Stored items:
□ □ □ □
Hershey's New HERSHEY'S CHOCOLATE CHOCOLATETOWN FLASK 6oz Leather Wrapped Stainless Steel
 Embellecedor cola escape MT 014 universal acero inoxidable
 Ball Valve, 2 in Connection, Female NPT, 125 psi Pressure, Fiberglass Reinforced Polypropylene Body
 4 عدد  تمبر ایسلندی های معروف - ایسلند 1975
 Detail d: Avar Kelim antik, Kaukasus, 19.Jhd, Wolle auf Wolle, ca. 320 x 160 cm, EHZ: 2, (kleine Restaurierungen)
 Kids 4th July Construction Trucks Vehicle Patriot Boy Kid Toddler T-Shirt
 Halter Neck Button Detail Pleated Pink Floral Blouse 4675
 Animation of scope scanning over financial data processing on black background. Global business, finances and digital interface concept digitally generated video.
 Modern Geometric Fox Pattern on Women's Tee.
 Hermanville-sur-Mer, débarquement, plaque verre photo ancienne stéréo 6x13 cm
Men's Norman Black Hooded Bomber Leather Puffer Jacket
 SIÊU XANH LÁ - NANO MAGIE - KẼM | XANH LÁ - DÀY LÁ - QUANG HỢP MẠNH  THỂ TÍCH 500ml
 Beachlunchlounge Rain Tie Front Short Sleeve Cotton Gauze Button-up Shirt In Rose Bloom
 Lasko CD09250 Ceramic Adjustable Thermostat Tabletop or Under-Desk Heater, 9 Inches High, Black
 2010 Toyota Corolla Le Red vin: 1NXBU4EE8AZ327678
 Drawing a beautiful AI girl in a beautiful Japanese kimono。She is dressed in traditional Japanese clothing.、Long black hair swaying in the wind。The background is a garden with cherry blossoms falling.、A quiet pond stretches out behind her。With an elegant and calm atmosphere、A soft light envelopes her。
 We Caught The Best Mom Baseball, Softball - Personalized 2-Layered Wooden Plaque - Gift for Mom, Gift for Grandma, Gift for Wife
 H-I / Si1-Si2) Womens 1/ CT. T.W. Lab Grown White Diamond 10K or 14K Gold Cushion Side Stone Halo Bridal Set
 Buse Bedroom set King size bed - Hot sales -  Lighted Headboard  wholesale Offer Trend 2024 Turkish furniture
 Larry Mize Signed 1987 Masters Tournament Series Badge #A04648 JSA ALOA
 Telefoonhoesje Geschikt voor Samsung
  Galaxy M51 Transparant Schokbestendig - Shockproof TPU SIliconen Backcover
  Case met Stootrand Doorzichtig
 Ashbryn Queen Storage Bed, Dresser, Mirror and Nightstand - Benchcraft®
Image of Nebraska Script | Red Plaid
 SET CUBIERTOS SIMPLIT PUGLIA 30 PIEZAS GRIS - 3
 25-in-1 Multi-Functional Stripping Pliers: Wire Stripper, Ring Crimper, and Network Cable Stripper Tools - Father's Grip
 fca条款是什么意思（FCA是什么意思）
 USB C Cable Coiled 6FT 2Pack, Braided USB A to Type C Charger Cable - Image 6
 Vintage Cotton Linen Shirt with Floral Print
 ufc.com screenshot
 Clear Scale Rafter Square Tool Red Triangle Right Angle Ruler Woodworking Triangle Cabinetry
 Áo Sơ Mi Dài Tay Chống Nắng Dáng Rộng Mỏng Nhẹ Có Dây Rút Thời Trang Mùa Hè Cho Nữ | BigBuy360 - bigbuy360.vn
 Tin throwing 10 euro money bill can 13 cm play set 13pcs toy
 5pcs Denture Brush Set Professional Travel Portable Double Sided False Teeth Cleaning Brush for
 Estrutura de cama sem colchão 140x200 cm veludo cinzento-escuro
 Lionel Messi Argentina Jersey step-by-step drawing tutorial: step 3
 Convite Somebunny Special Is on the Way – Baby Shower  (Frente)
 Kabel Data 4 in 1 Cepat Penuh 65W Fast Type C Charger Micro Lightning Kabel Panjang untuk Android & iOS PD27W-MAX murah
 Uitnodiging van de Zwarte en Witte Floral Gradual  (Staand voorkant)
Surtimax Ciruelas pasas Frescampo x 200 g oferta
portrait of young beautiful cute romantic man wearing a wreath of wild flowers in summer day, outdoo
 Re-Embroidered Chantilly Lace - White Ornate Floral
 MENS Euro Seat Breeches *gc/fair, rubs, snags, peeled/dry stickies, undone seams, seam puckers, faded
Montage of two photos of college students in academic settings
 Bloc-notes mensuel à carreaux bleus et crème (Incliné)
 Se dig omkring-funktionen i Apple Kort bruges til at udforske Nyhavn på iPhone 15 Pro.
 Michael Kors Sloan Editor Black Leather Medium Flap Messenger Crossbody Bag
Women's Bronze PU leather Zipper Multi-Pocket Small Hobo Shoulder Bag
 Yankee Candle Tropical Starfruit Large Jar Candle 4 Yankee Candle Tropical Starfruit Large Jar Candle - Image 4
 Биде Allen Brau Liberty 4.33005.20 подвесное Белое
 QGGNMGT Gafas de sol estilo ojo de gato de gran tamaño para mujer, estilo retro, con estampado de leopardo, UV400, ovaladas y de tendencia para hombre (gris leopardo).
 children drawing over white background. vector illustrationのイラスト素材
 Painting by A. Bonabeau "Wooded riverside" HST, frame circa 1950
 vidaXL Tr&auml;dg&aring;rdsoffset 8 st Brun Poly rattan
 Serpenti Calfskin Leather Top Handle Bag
□ □ □ □
■ Task statement ■
Keeping every line exactly as it is, copy all the records.

■ Solution for this problem ■
Hershey's New HERSHEY'S CHOCOLATE CHOCOLATETOWN FLASK 6oz Leather Wrapped Stainless Steel
 Embellecedor cola escape MT 014 universal acero inoxidable
 Ball Valve, 2 in Connection, Female NPT, 125 psi Pressure, Fiberglass Reinforced Polypropylene Body
 4 عدد  تمبر ایسلندی های معروف - ایسلند 1975
 Detail d: Avar Kelim antik, Kaukasus, 19.Jhd, Wolle auf Wolle, ca. 320 x 160 cm, EHZ: 2, (kleine Restaurierungen)
 Kids 4th July Construction Trucks Vehicle Patriot Boy Kid Toddler T-Shirt
 Halter Neck Button Detail Pleated Pink Floral Blouse 4675
 Animation of scope scanning over financial data processing on black background. Global business, finances and digital interface concept digitally generated video.
 Modern Geometric Fox Pattern on Women's Tee.
 Hermanville-sur-Mer, débarquement, plaque verre photo ancienne stéréo 6x13 cm
Men's Norman Black Hooded Bomber Leather Puffer Jacket
 SIÊU XANH LÁ - NANO MAGIE - KẼM | XANH LÁ - DÀY LÁ - QUANG HỢP MẠNH  THỂ TÍCH 500ml
 Beachlunchlounge Rain Tie Front Short Sleeve Cotton Gauze Button-up Shirt In Rose Bloom
 Lasko CD09250 Ceramic Adjustable Thermostat Tabletop or Under-Desk Heater, 9 Inches High, Black
 2010 Toyota Corolla Le Red vin: 1NXBU4EE8AZ327678
 Drawing a beautiful AI girl in a beautiful Japanese kimono。She is dressed in traditional Japanese clothing.、Long black hair swaying in the wind。The background is a garden with cherry blossoms falling.、A quiet pond stretches out behind her。With an elegant and calm atmosphere、A soft light envelopes her。
 We Caught The Best Mom Baseball, Softball - Personalized 2-Layered Wooden Plaque - Gift for Mom, Gift for Grandma, Gift for Wife
 H-I / Si1-Si2) Womens 1/ CT. T.W. Lab Grown White Diamond 10K or 14K Gold Cushion Side Stone Halo Bridal Set
 Buse Bedroom set King size bed - Hot sales -  Lighted Headboard  wholesale Offer Trend 2024 Turkish furniture
 Larry Mize Signed 1987 Masters Tournament Series Badge #A04648 JSA ALOA
 Telefoonhoesje Geschikt voor Samsung
  Galaxy M51 Transparant Schokbestendig - Shockproof TPU SIliconen Backcover
  Case met Stootrand Doorzichtig
 Ashbryn Queen Storage Bed, Dresser, Mirror and Nightstand - Benchcraft®
Image of Nebraska Script | Red Plaid
 SET CUBIERTOS SIMPLIT PUGLIA 30 PIEZAS GRIS - 3
 25-in-1 Multi-Functional Stripping Pliers: Wire Stripper, Ring Crimper, and Network Cable Stripper Tools - Father's Grip
 fca条款是什么意思（FCA是什么意思）
 USB C Cable Coiled 6FT 2Pack, Braided USB A to Type C Charger Cable - Image 6
 Vintage Cotton Linen Shirt with Floral Print
 ufc.com screenshot
 Clear Scale Rafter Square Tool Red Triangle Right Angle Ruler Woodworking Triangle Cabinetry
 Áo Sơ Mi Dài Tay Chống Nắng Dáng Rộng Mỏng Nhẹ Có Dây Rút Thời Trang Mùa Hè Cho Nữ | BigBuy360 - bigbuy360.vn
 Tin throwing 10 euro money bill can 13 cm play set 13pcs toy
 5pcs Denture Brush Set Professional Travel Portable Double Sided False Teeth Cleaning Brush for
 Estrutura de cama sem colchão 140x200 cm veludo cinzento-escuro
 Lionel Messi Argentina Jersey step-by-step drawing tutorial: step 3
 Convite Somebunny Special Is on the Way – Baby Shower  (Frente)
 Kabel Data 4 in 1 Cepat Penuh 65W Fast Type C Charger Micro Lightning Kabel Panjang untuk Android & iOS PD27W-MAX murah
 Uitnodiging van de Zwarte en Witte Floral Gradual  (Staand voorkant)
Surtimax Ciruelas pasas Frescampo x 200 g oferta
portrait of young beautiful cute romantic man wearing a wreath of wild flowers in summer day, outdoo
 Re-Embroidered Chantilly Lace - White Ornate Floral
 MENS Euro Seat Breeches *gc/fair, rubs, snags, peeled/dry stickies, undone seams, seam puckers, faded
Montage of two photos of college students in academic settings
 Bloc-notes mensuel à carreaux bleus et crème (Incliné)
 Se dig omkring-funktionen i Apple Kort bruges til at udforske Nyhavn på iPhone 15 Pro.
 Michael Kors Sloan Editor Black Leather Medium Flap Messenger Crossbody Bag
Women's Bronze PU leather Zipper Multi-Pocket Small Hobo Shoulder Bag
 Yankee Candle Tropical Starfruit Large Jar Candle 4 Yankee Candle Tropical Starfruit Large Jar Candle - Image 4
 Биде Allen Brau Liberty 4.33005.20 подвесное Белое
 QGGNMGT Gafas de sol estilo ojo de gato de gran tamaño para mujer, estilo retro, con estampado de leopardo, UV400, ovaladas y de tendencia para hombre (gris leopardo).
 children drawing over white background. vector illustrationのイラスト素材
 Painting by A. Bonabeau "Wooded riverside" HST, frame circa 1950
 vidaXL Tr&auml;dg&aring;rdsoffset 8 st Brun Poly rattan
 Serpenti Calfskin Leather Top Handle Bag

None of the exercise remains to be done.